— Exercise data —
____________

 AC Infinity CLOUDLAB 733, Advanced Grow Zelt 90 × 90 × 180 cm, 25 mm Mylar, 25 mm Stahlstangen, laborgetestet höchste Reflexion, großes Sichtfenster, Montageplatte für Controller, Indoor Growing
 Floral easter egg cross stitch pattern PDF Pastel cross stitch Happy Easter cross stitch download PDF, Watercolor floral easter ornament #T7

____________

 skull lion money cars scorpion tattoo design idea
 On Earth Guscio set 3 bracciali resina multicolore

____________

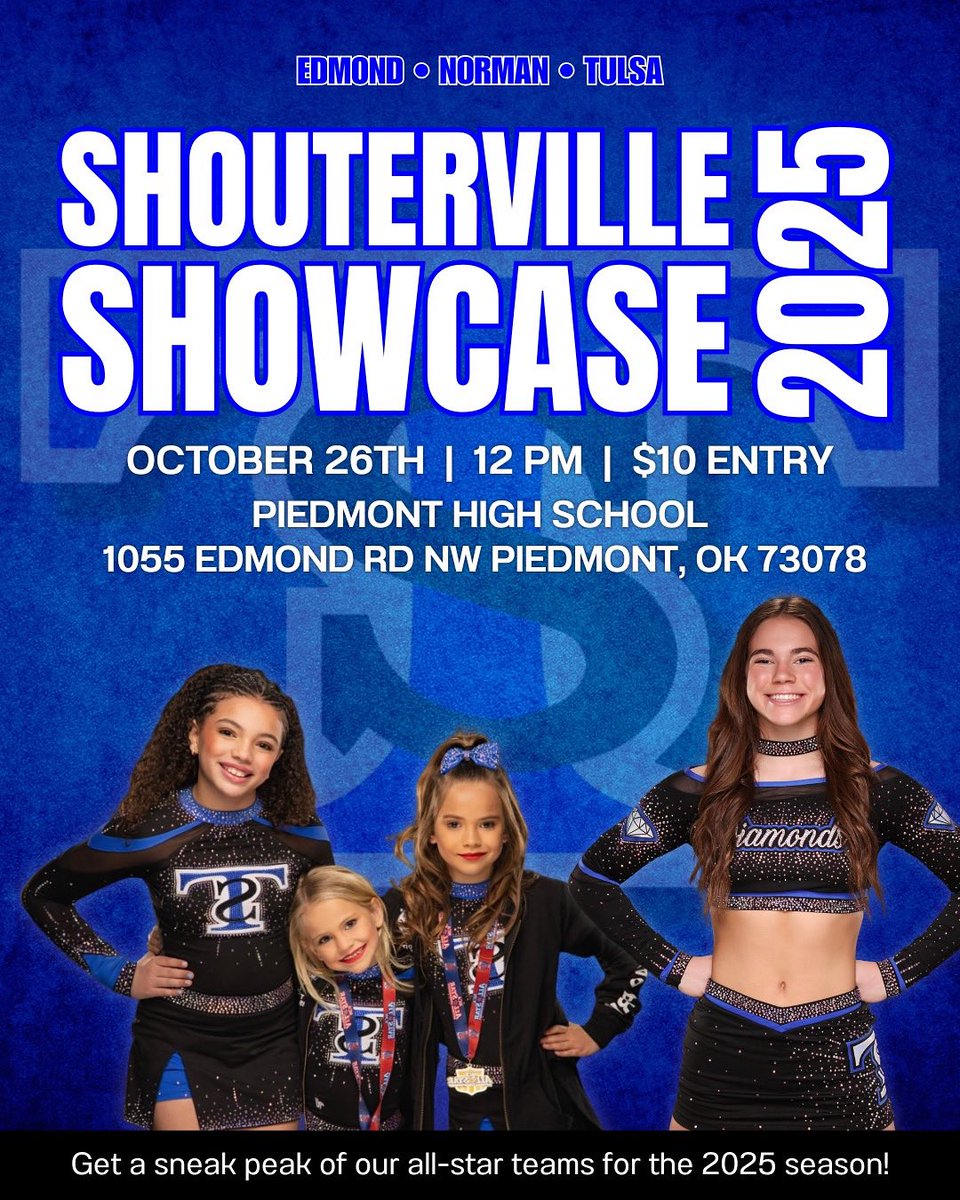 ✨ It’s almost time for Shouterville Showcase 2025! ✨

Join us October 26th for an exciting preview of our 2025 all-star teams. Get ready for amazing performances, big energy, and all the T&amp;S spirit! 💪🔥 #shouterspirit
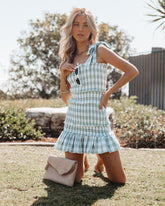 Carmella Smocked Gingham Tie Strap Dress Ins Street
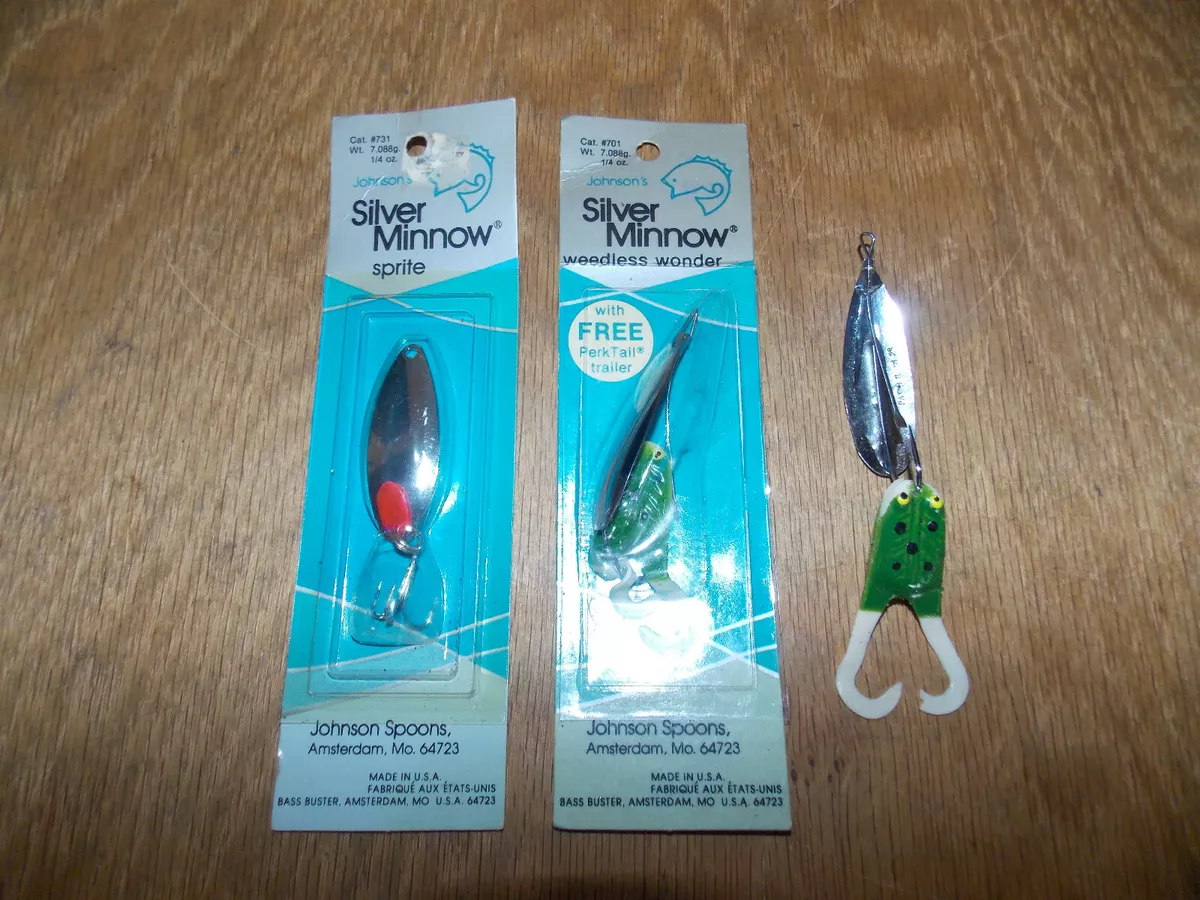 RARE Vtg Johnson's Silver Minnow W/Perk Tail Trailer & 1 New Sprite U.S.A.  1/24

____________

— How to complete this task —
Above are some lines. Repeat exactly, and only, those from the line that has "skull lion money" through the line that has "On Earth Guscio".

— Finished task —
 skull lion money cars scorpion tattoo design idea
 On Earth Guscio set 3 bracciali resina multicolore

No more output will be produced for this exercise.